A pilot’s ability to predict the performance of a helicopter is extremely important. It helps to determine how much weight the helicopter can carry before takeoff, if the helicopter can safely hover at a specific altitude and temperature, the distance required to climb above obstacles, and what the maximum climb rate will be.
Factors Affecting Performance
A helicopter’s performance is dependent on the power output of the engine and the lift produced by the rotors, whether it is the main rotor(s) or tail rotor. Any factor that affects engine and rotor efficiency affects performance. The three major factors that affect performance are density altitude, weight, and wind. The Aeronautical Knowledge section, discusses these factors in great detail.
Moisture (Humidity)
Humidity alone is usually not considered an important factor in calculating density altitude and helicopter performance; however, it does contribute. There are no rules of thumb used to compute the effects of humidity on density altitude, but some manufacturers include charts with 80 percent relative humidity columns as additional information. There appears to be an approximately 3–4 percent reduction in performance compared to dry air at the same altitude and temperature, so expect a decrease in hovering and takeoff performance in high humidity conditions. Although 3–4 percent seems insignificant, it can be the cause of a mishap when already operating at the limits of the helicopter.
Weight
Winds
Wind direction and velocity also affect hovering, takeoff, and climb performance. Translational lift occurs any time there is relative airflow over the rotor disk. This occurs whether the relative airflow is caused by helicopter movement or by the wind. Assuming a headwind, as wind speed increases, translational lift increases, resulting in less power required to hover.
The wind direction is also an important consideration. Headwinds are the most desirable as they contribute to the greatest increase in performance. Strong crosswinds and tailwinds may require the use of more tail rotor thrust to maintain directional control. This increased tail rotor thrust absorbs power from the engine, which means there is less power available to the main rotor for the production of lift. Some helicopters even have a critical wind azimuth or maximum safe relative wind chart. Operating the helicopter beyond these limits could cause loss of tail rotor effectiveness.
Takeoff and climb performance is greatly affected by wind. When taking off into a headwind, effective translational lift is achieved earlier, resulting in more lift and a steeper climb angle. When taking off with a tailwind, more distance is required to accelerate through translation lift.
Performance Charts
In developing performance charts, aircraft manufacturers make certain assumptions about the condition of the helicopter and the ability of the pilot. It is assumed that the helicopter is in good operating condition, calm wind, and the engine is developing its rated power. The pilot is assumed to be following normal operating procedures and to have average flying abilities. Average means a pilot capable of doing each of the required tasks correctly and at the appropriate times.

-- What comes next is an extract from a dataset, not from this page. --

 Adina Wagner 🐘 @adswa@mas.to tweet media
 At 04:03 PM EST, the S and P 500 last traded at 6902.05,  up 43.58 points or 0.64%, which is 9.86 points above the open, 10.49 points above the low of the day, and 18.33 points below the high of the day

Using these assumptions, the manufacturer develops performance data for the helicopter based on actual flight tests. However, they do not test the helicopter under each and every condition shown on a performance chart. Instead, they evaluate specific data and mathematically derive the remaining data.
Height/Velocity Diagram
The height/velocity (H/V) diagram shows the combinations of airspeed and height above the ground, which will allow an average pilot to successfully complete a landing after an engine failure. By carefully studying the height/velocity diagram, a pilot is able to avoid the combinations of altitude and airspeed that may not allow sufficient time or altitude to enter a stabilized autorotative descent. Refer to Figure 1 during the remainder of the discussion on the height/velocity diagram.
Figure 1. Sample height/velocity diagram for a Robinson Model R44 II |
The following examples further illustrate the relevance of the H/V diagram to a single-engine helicopter.
At low heights with low airspeed, such as a hover taxi, the pilot can simply use the kinetic energy from the rotor disk to cushion the landing with collective, converting rotational inertia to lift. The aircraft is in a safe part of the H/V diagram. At the extreme end of the scale (e.g., a three-foot hover taxi at walking pace) even a complete failure to recognize the power loss resulting in an uncushioned landing would probably be survivable.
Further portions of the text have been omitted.